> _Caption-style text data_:
◆ ◆ ◆
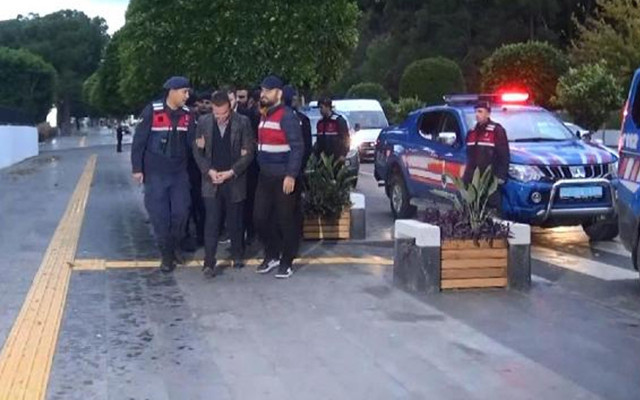 Ağır ceza hakimi beraat verdiği çete lideriyle içki masasında yakalandı - Resim: 0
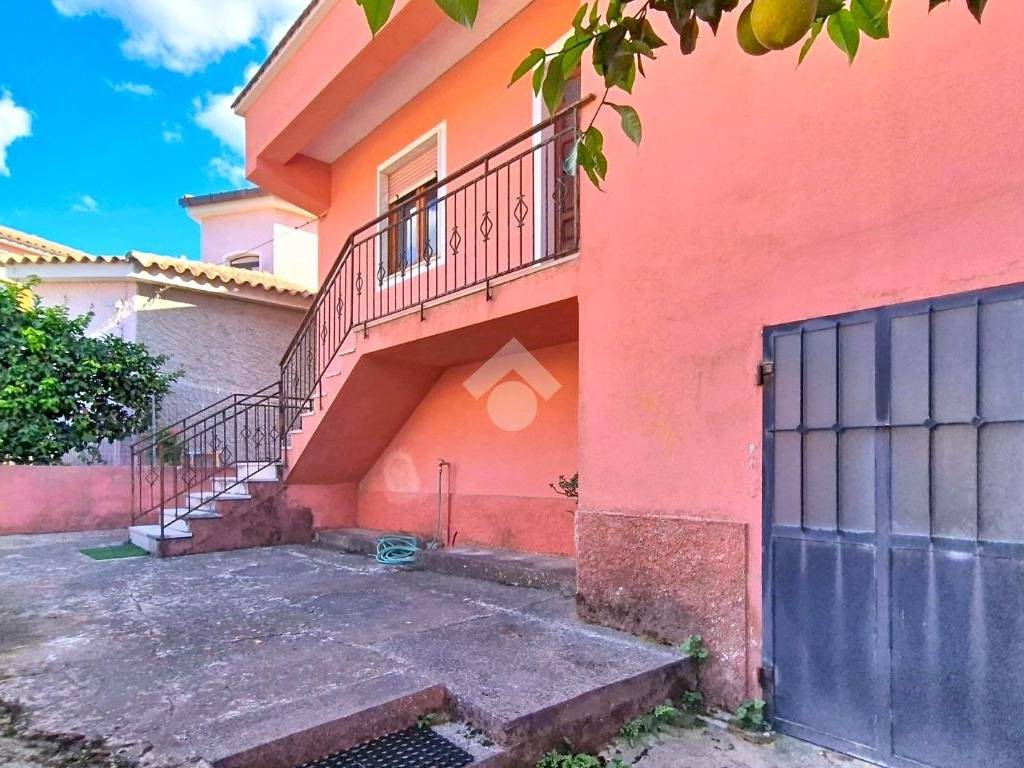 Casa indipendente a Arzachena in Via Umberto Giordano - Foto 2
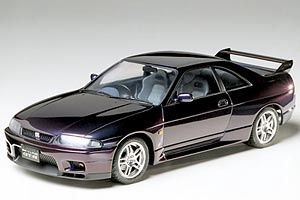 Cars, Bikes and Trucks Tamiya 1/24 Nissan Skyline GT-R V Spec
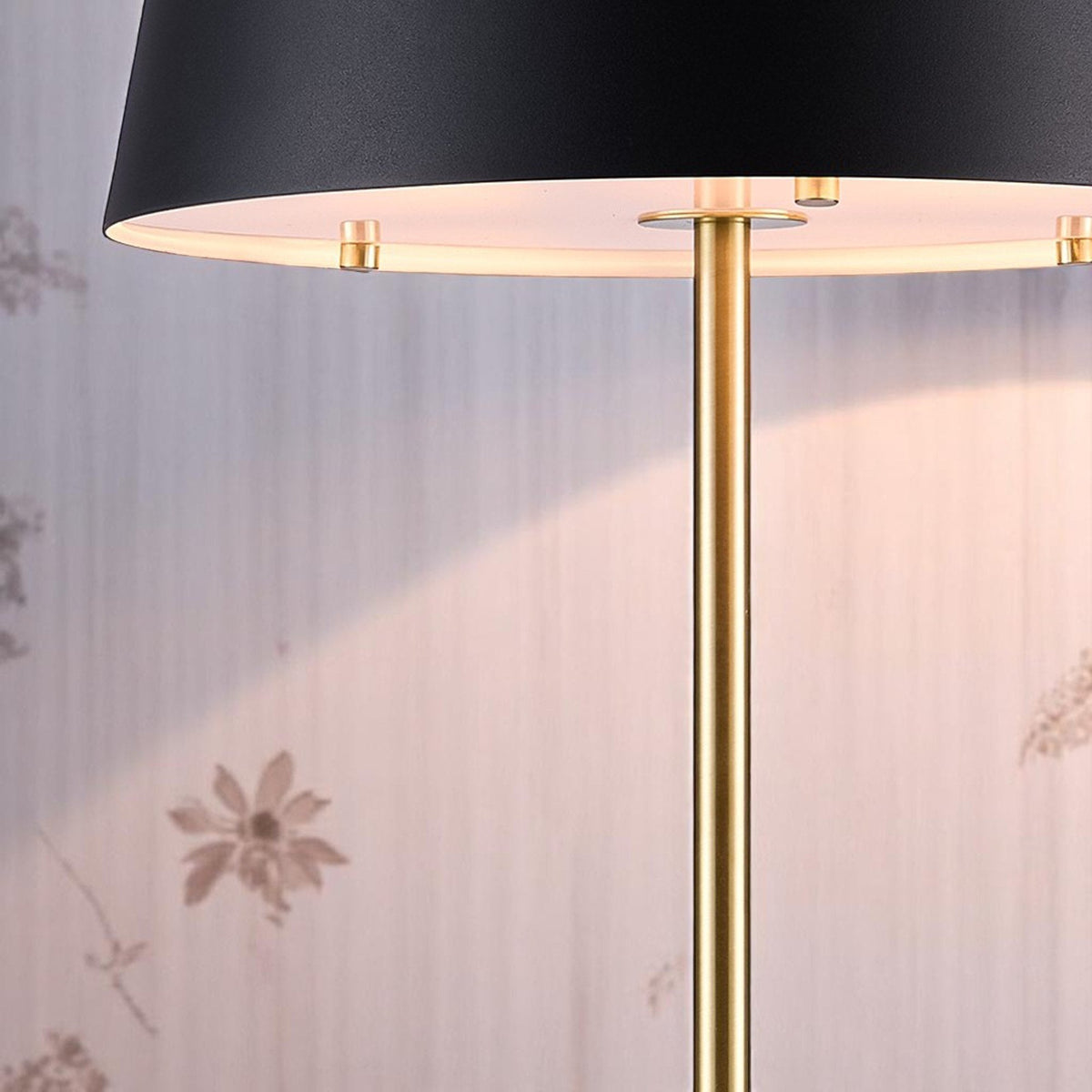 Clasi Table Lamp in Black With Brass Detailing
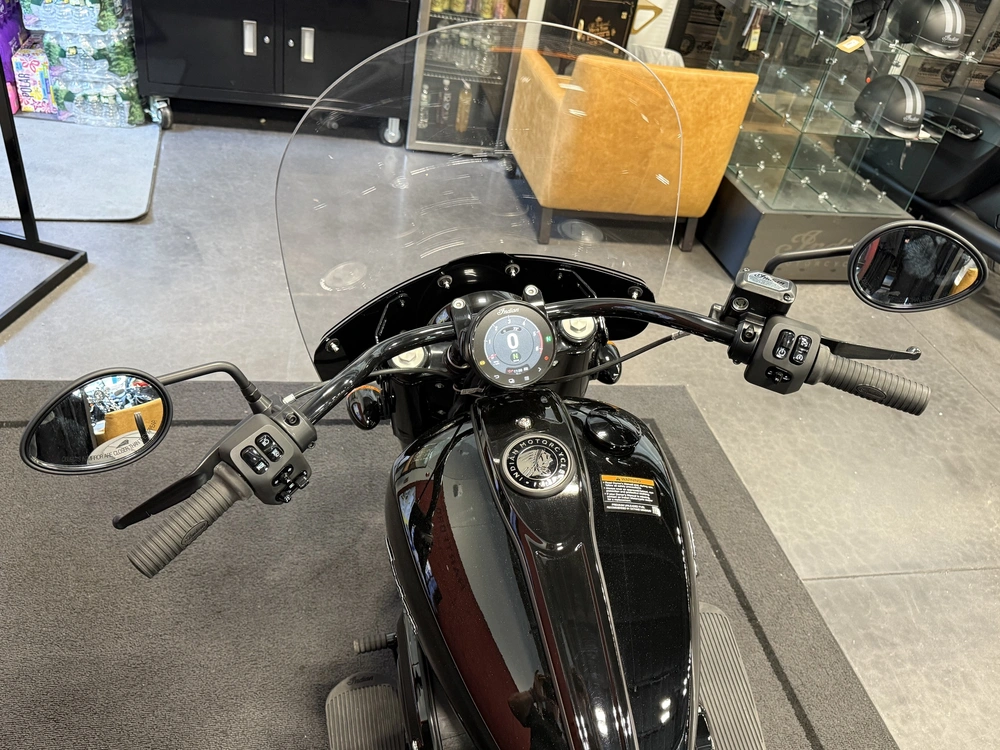 2025 Indian Motorcycle Super Chief Dark Horse, Black Metallic, 49s alt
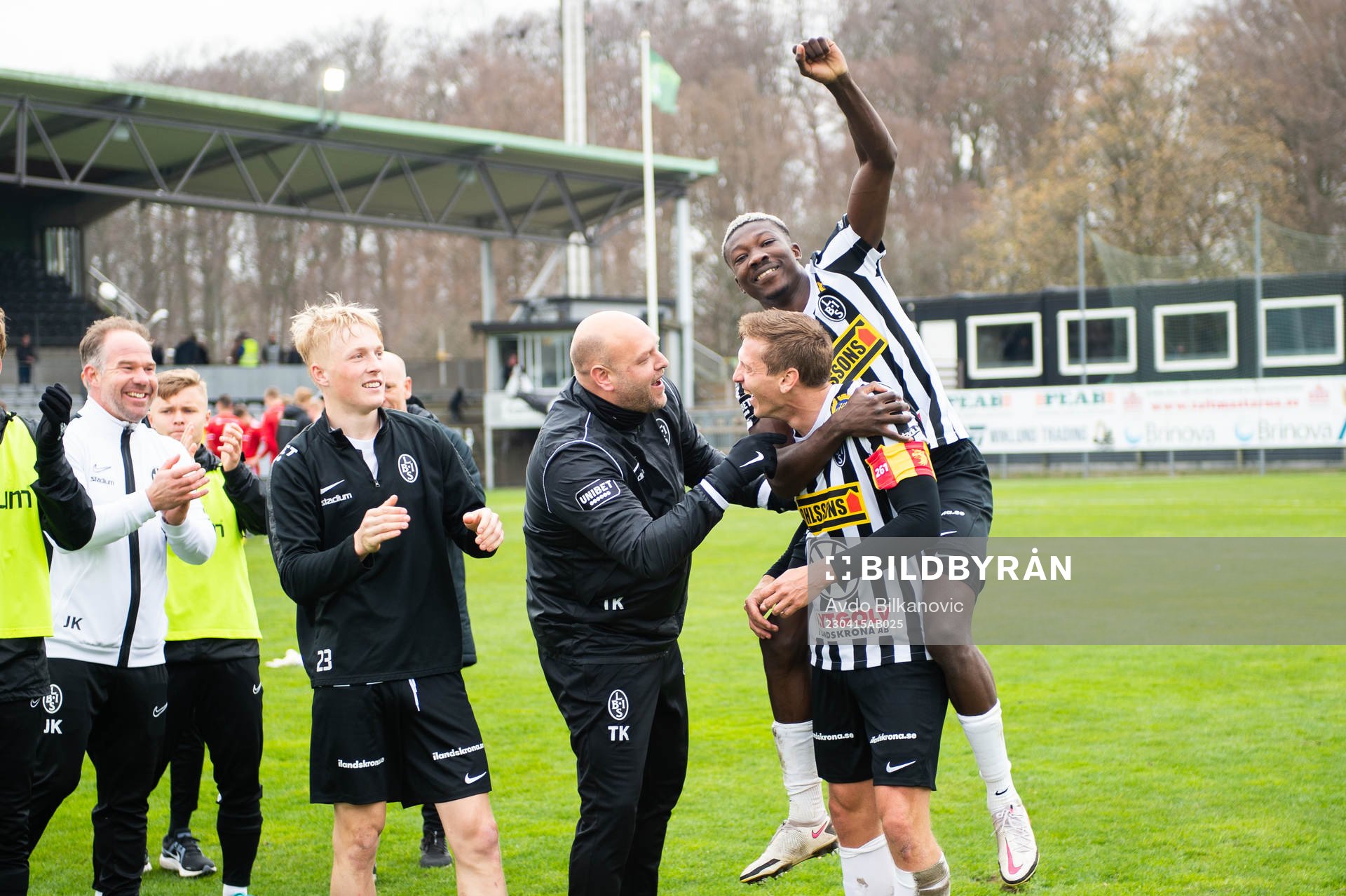 Landskronas Ousmane Diawara och Philip Andersson jublar efter slutsignalen under fotbollsmatchen i Superettan mellan Landskrona och Skövde AIK den 15 april 2023 i Landskrona.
◆ ◆ ◆
> _PROBLEM STATEMENT_: Would you write out each record above exactly, with no images?

> _ANSWER BELOW_:
 Ağır ceza hakimi beraat verdiği çete lideriyle içki masasında yakalandı - Resim: 0
 Casa indipendente a Arzachena in Via Umberto Giordano - Foto 2
 Cars, Bikes and Trucks Tamiya 1/24 Nissan Skyline GT-R V Spec
 Clasi Table Lamp in Black With Brass Detailing
 2025 Indian Motorcycle Super Chief Dark Horse, Black Metallic, 49s alt
 Landskronas Ousmane Diawara och Philip Andersson jublar efter slutsignalen under fotbollsmatchen i Superettan mellan Landskrona och Skövde AIK den 15 april 2023 i Landskrona.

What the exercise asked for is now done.